Ryan: As a writer, I just thought it was a good idea to ask, do you find that there’s a story in every experience when you go out fishing?
Nick: I do. I think there are. And I think that it’s the strangest thing, I don’t know that any other sport quite has that. I know there are people who say there are stories in a game of golf, and I heard a terrible story about Mr. Trump playing with someone, and the guy said, well, I can’t play with you anymore. And he asked why. He said, well, you cheat. And apparently Trump answered, I do cheat. I cheat. And I cheat on my wife, and I cheat in business, he said, and if you can’t handle it, maybe we shouldn’t play together. I don’t know whether that’s apocryphal or not. [laughter] But it’s an amusing story. But I think, you know, there are good baseball writers. Good baseball situations. I know someone who writes only on the horses. But somehow the literature of fly fishing, or the act of fly fishing, or the connection to the water, the number of variables, the number of moving parts, the number of different characters, I don’t think I’ve ever gone on the water where I haven’t come back with a story of some kind.
Audience: Did you ever do anything with Red Smith?
Nick: I knew him a bit; I like his writing enormously. But no, I asked him to do a little book on fishing, and he said the most he gets is 1100 words. He says that’s the limit, and he writes within that. He has the most natural sense of metaphor of any sports writer I know. I can think of one marvelous, marvelous, he’s describing a shortstop, and he says ‘he covered the ground like crabgrass.’ It’s terrific. I mean, it’s just as fast and full of life as anything. He’s a great writer, and I like his fishing stories, too, of which there is a little collection called Red Smith on Fishing.
Beth: Well, we’ll have to get that collection.
Chris Hensley (audience): Actually, I wanted to say one thing. One of the reasons I’m here today, Nick, is to thank you. My name is Chris Hensley.
Nick: Oh, yes.
Chris: About 3 years ago, I was partly inspired by your writings and publishings to do an event down the road called Trout Tails, where we brought together many of the guys in this room.
Nick: A terrific thing, at Spillian.
Chris: Yup, at Spillian. And it started, you know, the idea was just to sort of tell some fish stories and connect it to the past. It was successful, and now this year in our fourth year, it’s expanded, it’s going to be all up and down 28, with multiple businesses involved over a two-month period.
Nick: That’s great.
Chris: So it’s sort of taken on a life of its own, and I wanted to thank you, because early on you were encouraging. You couldn’t attend that year, but you provided us some books and autographs, you did some interviews for us on the radio, and it was so much appreciated, and I wanted to come thank you.

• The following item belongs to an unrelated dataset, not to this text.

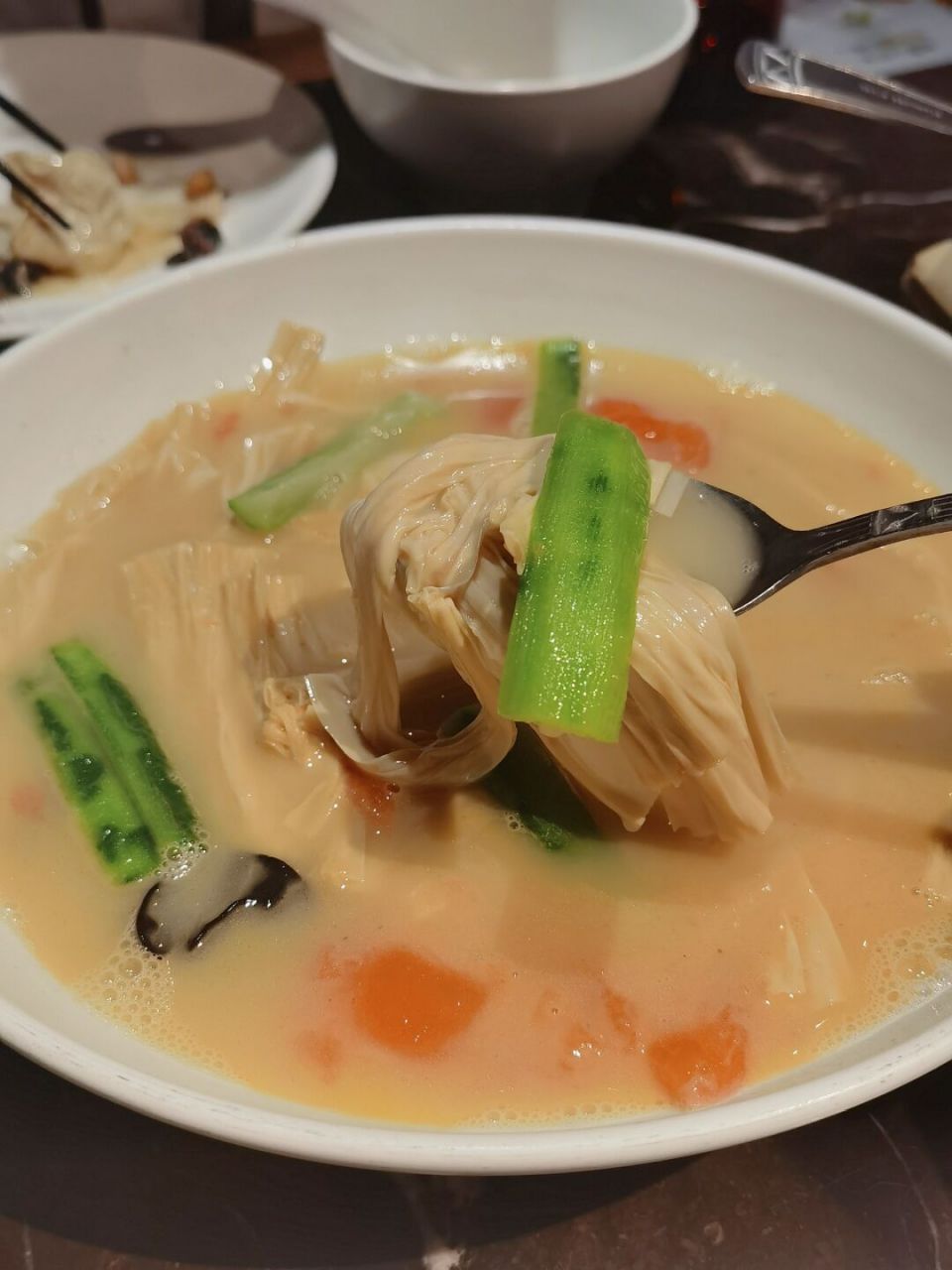 汤城小厨的这个丝瓜腐竹汤惊艳到我了 汤底特别的浓郁,腐竹吃起来糯糯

Nick: Thank you, Chris. Thank you. I had an odd time. After I stopped teaching, I never used notes when I taught, for thirty years in the classroom. But when I got out, I got very shy, and I used to write everything out. And it sounded so prepackaged and some joke I’d worked on or something like that just came out so flat and predictable that I really decided not to talk in public at all anymore. And then went up, as Mark knows, I talked up at the Hilltop Historical Society in June, and it just encouraged me to think that maybe I could remember some of these things and talk and have a conversation with folks, instead of writing something out.
Chris: And I love the anecdote you tell about, to be a successful fisherman, you have to put a little piece of your heart on the hook, too.
Nick: Did I say that? That’s a nice phrase. [laughter] My goodness. What genius I had then. [laughter] Oh, dear.
Audience: I just have a question, because when you went to the University of Pennsylvania, what was your major?
Nick: Alas, it was insurance.
Audience: And when you went to grad school?
Nick: It’s another part of my life that I’m writing about now. Audience: Oh, good!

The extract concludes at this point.